他的評論者們,總是想要範疇化高夫曼,但是高夫曼的立場就是:範疇就是拿來玩的,誰會把自己綁死在裡面?尤其他又是一個炒股高手,不缺錢,類似阿倫特說,古代時期有家產者的自由人,所以他能保有恆久變動與彈性的心靈。但高夫曼不是尼采,因為他比起尼采更關注日常現實,尼采瞧不起報紙,但是高夫曼認真看待報紙,找出可以分析的構框,而這個構框,也就僅僅適於此。
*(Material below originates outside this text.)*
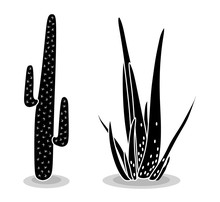 Black Silhouettes Of Cacti, Succulents, Aloes. Vector Illustration Isolated On A White Background. Cactus Icons. Mexican Desert Cactus, Tropical Plants, Summer Garden. Decorated Cacti Drawn By Hand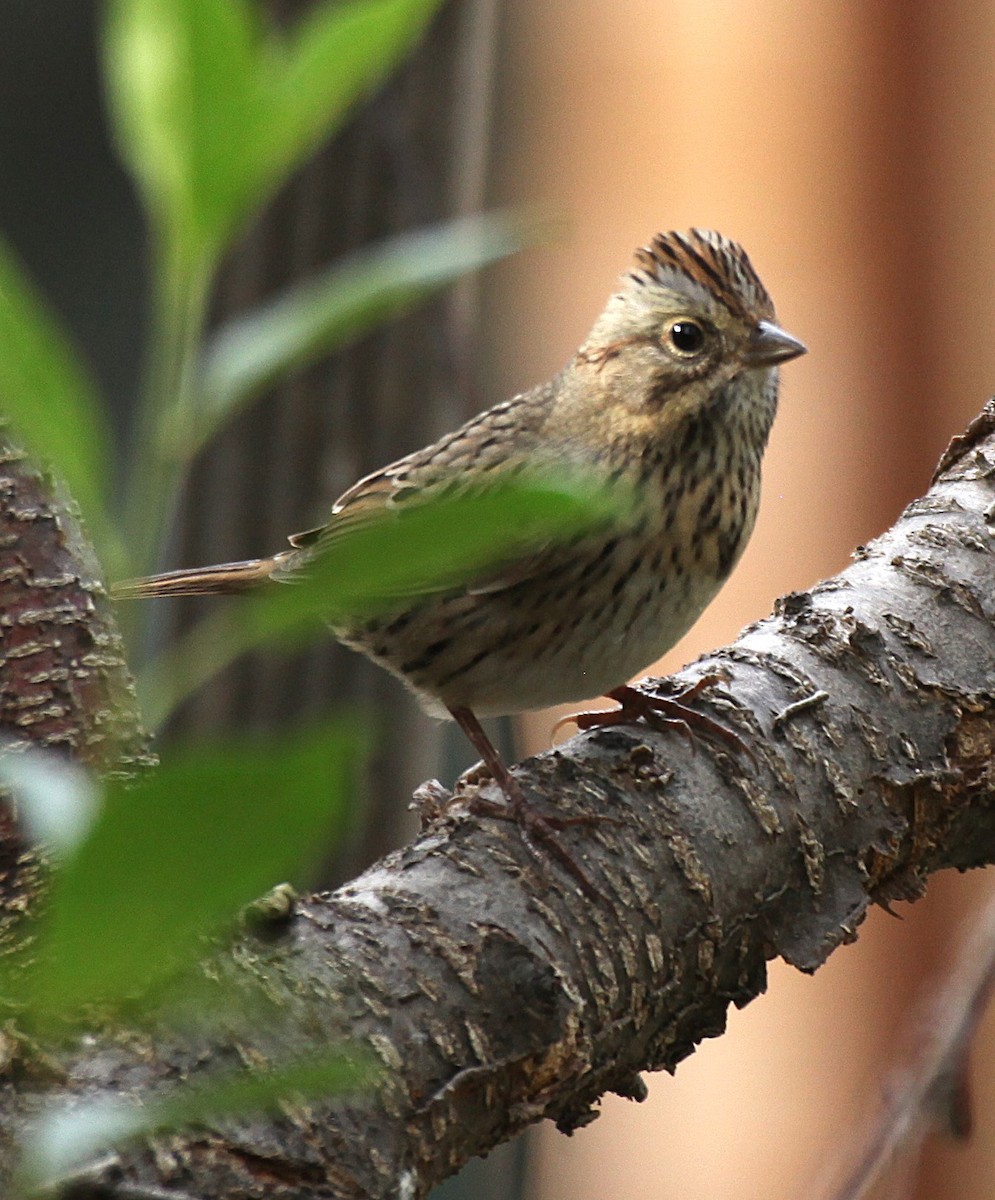 Lincoln's Sparrow - ML643144958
無需類推,不求普遍,但求能回應當下現象,給出說法。
持此立場,無怪乎在《公共場所的行為》一書,他提了非常多的概念,多到令人髮指,很難拿來實用,但這些概念正是貼合於現實的實用工具(時空限定),眼花繚亂的概念,只是為了從多個角度進行觀察,此正是尼采的視角主義之呼應。因而高夫曼用數量奇多的概念,嘲弄了一本正經的韋伯學派「理念型」想找到一立足點的方法論作法。
高夫曼會說,「如果一個現象,我們找不到理念型進行因果解釋,也就是說,我們找不到一個比較與分析的基點,那麼,我們就邊走邊看邊說邊轉邊繞,一直轉吧轉吧七彩霓虹燈。我們不需要堅持鳥瞰視角,雖然我們不排斥鳥瞰視角,但我們更喜歡散步,我們是行人,行走於日常生活的漫步者。」